Ununpentium (element symbol: Uup) is a superheavy element that was first synthesised in 2003 by a joint team of Russian and American scientists at the Joint Institute for Nuclear Research (JINR) in Dubna, Russia. With the atomic number 115 in the periodic table the synthetic element is additionally known as element 115, or eka-bismuth. In December 2015, it was recognised as one of four new elements by the Joint Working Party of international scientific bodies IUPAC and IUPAP. In June 2016, the IUPAC suggested the element name moscovium // (element symbol: Mc), a name to be formally accepted by the end of 2016.
Ununpentium is an extremely radioactive element; its most stable known isotope, ununpentium-289, has a half-life of only 220 milliseconds. In the periodic table, it is a p-block transactinide element. It is a member of the 7th period and is placed in group 15 as the heaviest pnictogen, although it hasn't been confirmed to behave as a heavier homologue of the pnictogen bismuth. Ununpentium is calculated to have a few similar properties to its lighter homologues, nitrogen, phosphorus, arsenic, antimony, and bismuth, and be a post-transition metal, although it should additionally show several major differences from them.
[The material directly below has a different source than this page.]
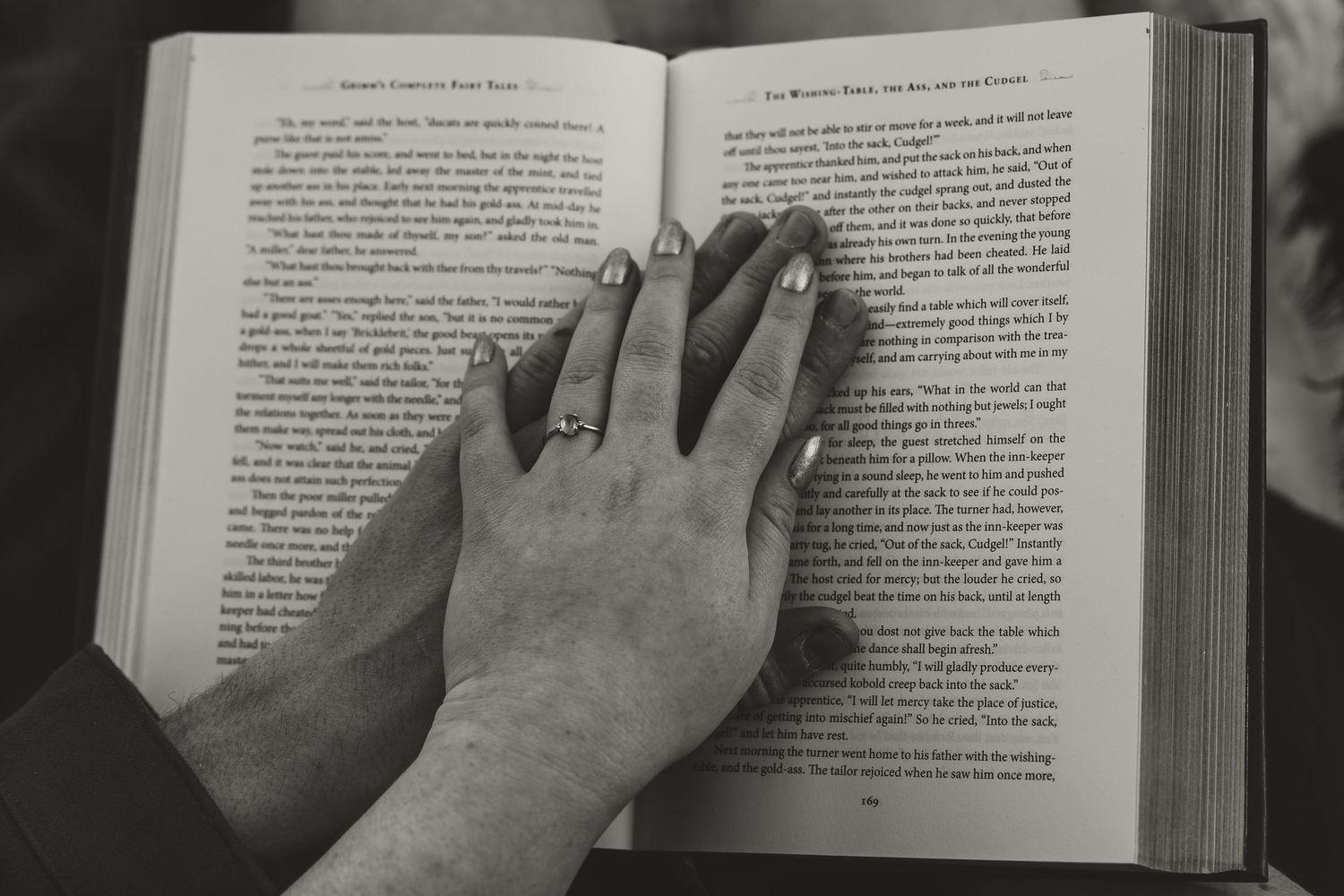 Two hands resting on an open book, one wearing a diamond ring, in a black and white photo.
About 100 atoms of ununpentium have been observed to date, all of which have been shown to have mass numbers from 287 to 290.
The first synthesis of ununpentium succeeded in August 2003 at the Joint Institute for Nuclear Research (JINR) in Dubna, Russia, by a joint team of Russian and American scientists. Headed by Russian nuclear physicist Yuri Oganessian, the team included American scientists of the Lawrence Livermore National Laboratory. The researchers on February 2, 2004, in Physical Review C that they bombarded americium-243 with calcium-48 ions to produce four atoms of ununpentium. These atoms decayed by emission of alpha-particles to ununtrium in approximately 100 milliseconds.
+ 3 1
+ 4 1
The Dubna–Livermore collaboration strengthened their claim for the discoveries of ununpentium and ununtrium by conducting chemical experiments on the final decay product 268Db. None of the nuclides in this decay chain were previously known, so existing experimental data wasn't available to support their claim. In June 2004, and December 2005, the presence of a dubnium isotope was confirmed by extracting the final decay products, measuring spontaneous fission (SF) activities and using chemical identification techniques to confirm that they behave like a group 5 element (as dubnium is known to be in group 5 of the periodic table). Both the half-life and decay mode were confirmed for the proposed 268Db, lending support to the assignment of the parent nucleus to ununpentium. Notwithstanding in 2011, the IUPAC/IUPAP Joint Working Party (JWP) didn't recognise the two elements as having been discovered, because current theory couldn't distinguish the chemical properties of group 4 and group 5 elements with sufficient confidence. Furthermore, the decay properties of all the nuclei in the decay chain of ununpentium hadn't been previously characterised before the Dubna experiments, a situation which the JWP generally considers "troublesome, but not necessarily exclusive".
Road to confirmation
Two heavier isotopes of ununpentium, 289Uup and 290Uup, were discovered in 2009–2010 as daughters of the ununseptium isotopes 293Uus and 294Uus. As of 2016 the JINR additionally has future plans to study lighter isotopes of element 115 by replacing the americium-243 target with the lighter isotope americium-241.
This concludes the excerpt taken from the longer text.